+++ DATA FOR THE TASK +++

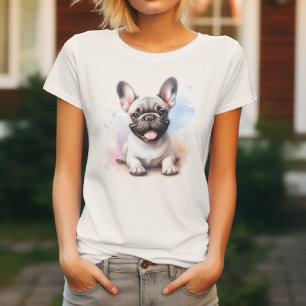 Camiseta Cachorro francês fofo em aquarela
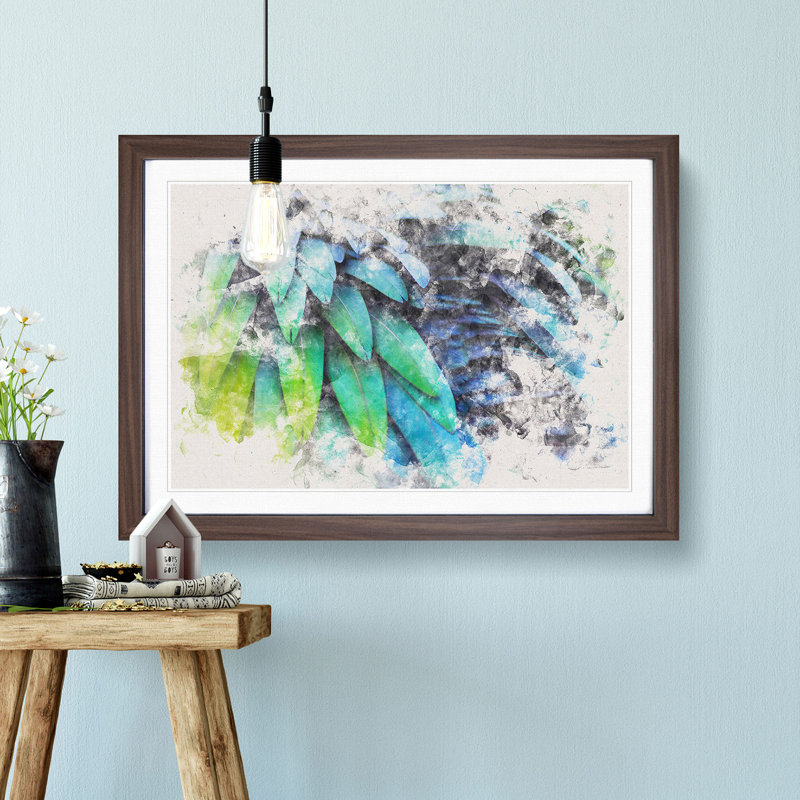 Parrot Feathers - Framed Print, 24cm H x 33cm W x 2cm D, Walnut Framed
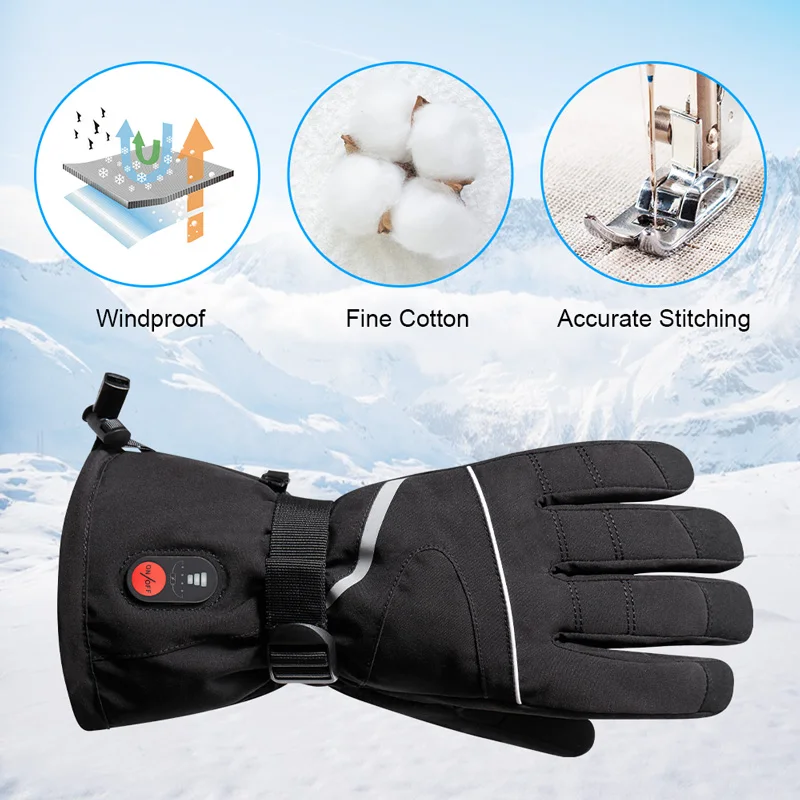 Smart touch screen 7.4V 2200mAh lithium battery waterproof and winter-proof outdoor sports heating gloves men's and women's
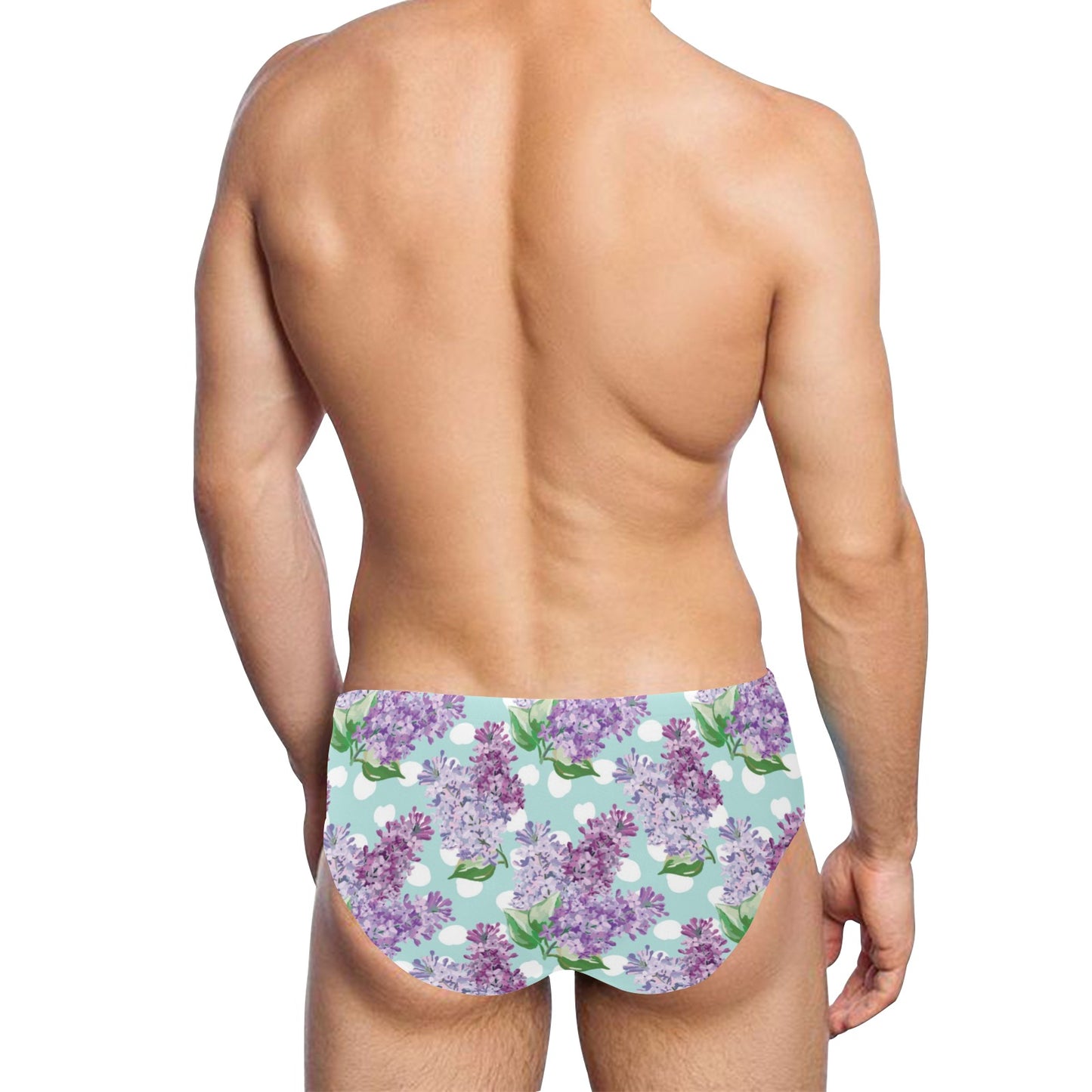Lilac Pattern Print Design 02 Men's Swimming Briefs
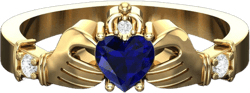 Blue Sapphire Claddagh Ring Unique Heart Shape Claddagh Wedding Ring Irish Crown Heart Ring Gold Hand Engagement Proposal Promise Ring
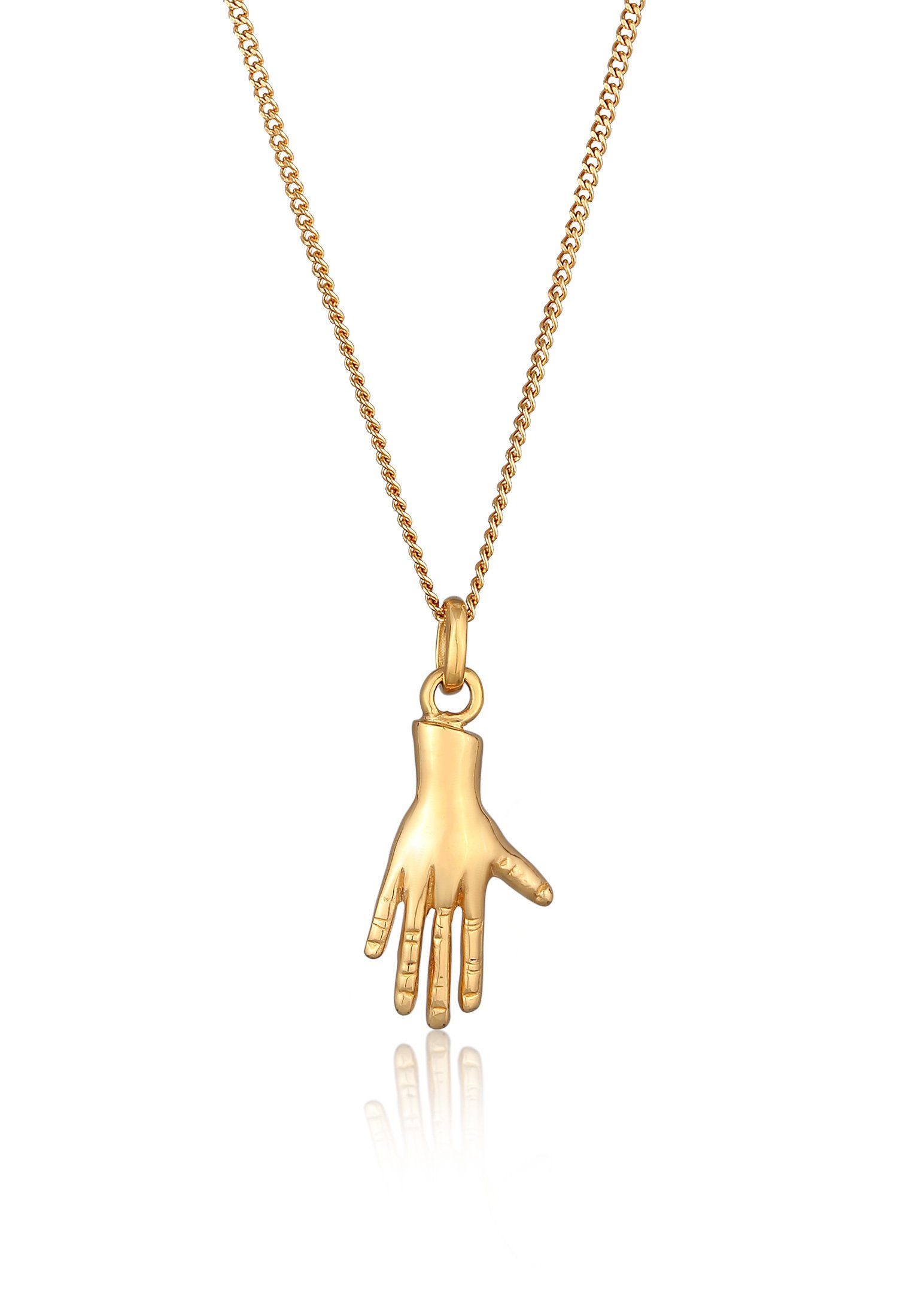 Elli Kette mit Anhänger Hand Symbol 925 Silber, Astro Gold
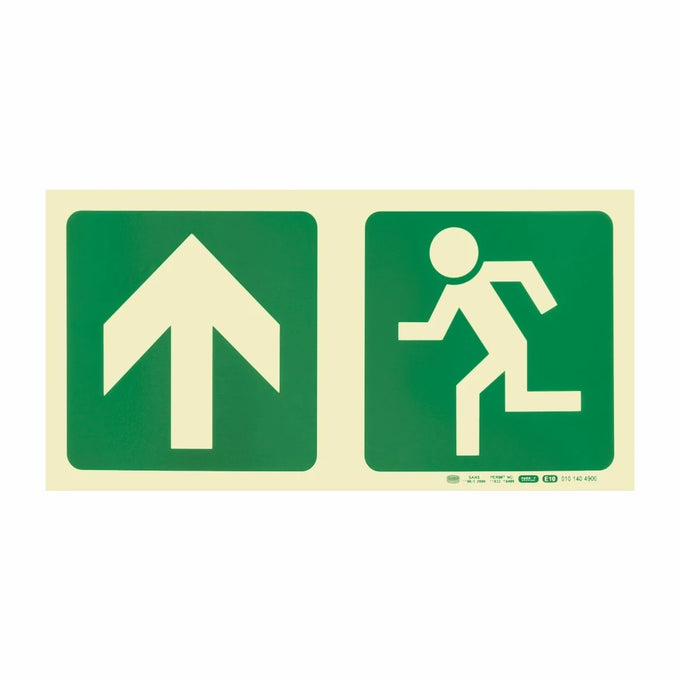 Parrot Photoluminescent 190mm Safety Sign -E10-Arrow Up+Running Man - image 05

+++

Return the data exactly. Do not carry over any images.

(RESULT FOR THIS TASK)
 Camiseta Cachorro francês fofo em aquarela
 Parrot Feathers - Framed Print, 24cm H x 33cm W x 2cm D, Walnut Framed
 Smart touch screen 7.4V 2200mAh lithium battery waterproof and winter-proof outdoor sports heating gloves men's and women's
Lilac Pattern Print Design 02 Men's Swimming Briefs
 Blue Sapphire Claddagh Ring Unique Heart Shape Claddagh Wedding Ring Irish Crown Heart Ring Gold Hand Engagement Proposal Promise Ring
 Elli Kette mit Anhänger Hand Symbol 925 Silber, Astro Gold
 Parrot Photoluminescent 190mm Safety Sign -E10-Arrow Up+Running Man - image 05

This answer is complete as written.